L’extrait étudié va de de « Il trouve Keu endormi dans son lit » (p. 185) à « comme on peut le faire devant un autel » (p. 186) dans l’édition ClassicoLycée de Belin Gallimard.
Les retrouvailles de Lancelot et la reine Guenièvre, introduction
C’est à la fin du XIIe siècle que le poète Chrétien de Troyes écrit Lancelot ou le chevalier à la charrette, roman de chevalerie versifié et rimé en octosyllabes et rimes plates. Ce roman met en scène un héros, Lancelot, excellant par sa bravoure guerrière, sa force épique, mais aussi par sa fidélité amoureuse à la reine Guenièvre.

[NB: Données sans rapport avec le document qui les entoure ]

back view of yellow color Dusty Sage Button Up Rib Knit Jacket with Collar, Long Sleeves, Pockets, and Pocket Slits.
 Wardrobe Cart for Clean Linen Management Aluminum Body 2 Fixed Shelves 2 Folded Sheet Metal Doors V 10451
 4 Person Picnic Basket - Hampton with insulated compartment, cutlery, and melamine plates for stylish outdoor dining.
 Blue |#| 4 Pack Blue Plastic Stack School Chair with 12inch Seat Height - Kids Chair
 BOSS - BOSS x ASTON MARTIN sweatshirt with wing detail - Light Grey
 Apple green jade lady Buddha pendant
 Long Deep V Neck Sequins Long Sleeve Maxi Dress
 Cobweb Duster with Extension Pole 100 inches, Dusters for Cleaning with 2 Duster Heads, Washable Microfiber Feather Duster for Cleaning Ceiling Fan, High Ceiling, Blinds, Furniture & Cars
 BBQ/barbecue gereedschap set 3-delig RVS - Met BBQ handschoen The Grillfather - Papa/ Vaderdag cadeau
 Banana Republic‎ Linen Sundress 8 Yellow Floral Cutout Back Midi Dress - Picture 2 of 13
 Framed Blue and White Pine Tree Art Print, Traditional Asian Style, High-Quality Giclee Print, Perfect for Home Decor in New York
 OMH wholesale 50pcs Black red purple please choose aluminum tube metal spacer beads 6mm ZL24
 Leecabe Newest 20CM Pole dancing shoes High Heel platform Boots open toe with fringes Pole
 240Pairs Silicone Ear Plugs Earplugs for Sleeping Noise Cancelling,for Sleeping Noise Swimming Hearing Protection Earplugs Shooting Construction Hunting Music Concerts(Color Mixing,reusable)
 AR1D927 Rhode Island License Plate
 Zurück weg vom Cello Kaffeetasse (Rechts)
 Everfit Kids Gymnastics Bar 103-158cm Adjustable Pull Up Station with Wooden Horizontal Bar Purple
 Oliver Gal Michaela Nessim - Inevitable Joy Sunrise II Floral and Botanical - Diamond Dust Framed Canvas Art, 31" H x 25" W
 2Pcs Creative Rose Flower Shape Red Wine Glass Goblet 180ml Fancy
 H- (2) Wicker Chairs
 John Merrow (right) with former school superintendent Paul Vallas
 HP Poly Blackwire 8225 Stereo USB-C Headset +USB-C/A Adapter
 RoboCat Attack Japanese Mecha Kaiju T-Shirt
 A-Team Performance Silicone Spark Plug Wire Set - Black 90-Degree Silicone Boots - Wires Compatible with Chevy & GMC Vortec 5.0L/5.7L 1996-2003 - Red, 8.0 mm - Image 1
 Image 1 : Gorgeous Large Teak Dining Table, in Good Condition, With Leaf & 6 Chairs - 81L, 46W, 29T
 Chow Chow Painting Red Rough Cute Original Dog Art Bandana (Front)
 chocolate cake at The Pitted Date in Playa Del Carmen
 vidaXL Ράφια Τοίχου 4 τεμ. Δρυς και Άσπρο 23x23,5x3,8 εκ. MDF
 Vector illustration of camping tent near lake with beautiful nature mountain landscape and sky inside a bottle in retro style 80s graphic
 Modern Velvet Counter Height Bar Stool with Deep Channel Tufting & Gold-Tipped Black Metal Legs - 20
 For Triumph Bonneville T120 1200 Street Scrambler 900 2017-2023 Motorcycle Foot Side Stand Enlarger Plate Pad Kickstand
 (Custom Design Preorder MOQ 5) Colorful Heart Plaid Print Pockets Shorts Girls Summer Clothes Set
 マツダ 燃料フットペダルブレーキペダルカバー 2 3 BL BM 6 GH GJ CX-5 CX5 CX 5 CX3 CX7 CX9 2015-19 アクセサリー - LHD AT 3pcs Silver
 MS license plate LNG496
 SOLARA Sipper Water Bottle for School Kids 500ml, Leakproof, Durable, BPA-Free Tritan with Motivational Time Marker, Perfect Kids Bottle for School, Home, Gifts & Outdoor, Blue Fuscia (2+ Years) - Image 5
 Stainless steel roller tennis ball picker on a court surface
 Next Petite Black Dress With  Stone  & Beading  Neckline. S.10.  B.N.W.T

Commande de la princesse Marie de Champagne, cette œuvre introduit en effet dans l’épopée, traditionnellement masculine et guerrière, le thème féminin et amoureux. L’amour s’y lie étroitement au combat : il devient la raison même de combattre, et le héros ne trouve plus seulement sa gloire dans la bravoure guerrière, mais aussi dans la dévotion à l’amour et à sa dame. (Voir la fiche de lecture sur Lancelot ou le chevalier de la charrette)
Le passage narre les retrouvailles de Lancelot et de la reine Guenièvre et, plus précisément, la nuit d’amour qu’ils passent ensemble. Il s’agit d’une scène d’amour intense, exprimée en termes religieux et mystiques.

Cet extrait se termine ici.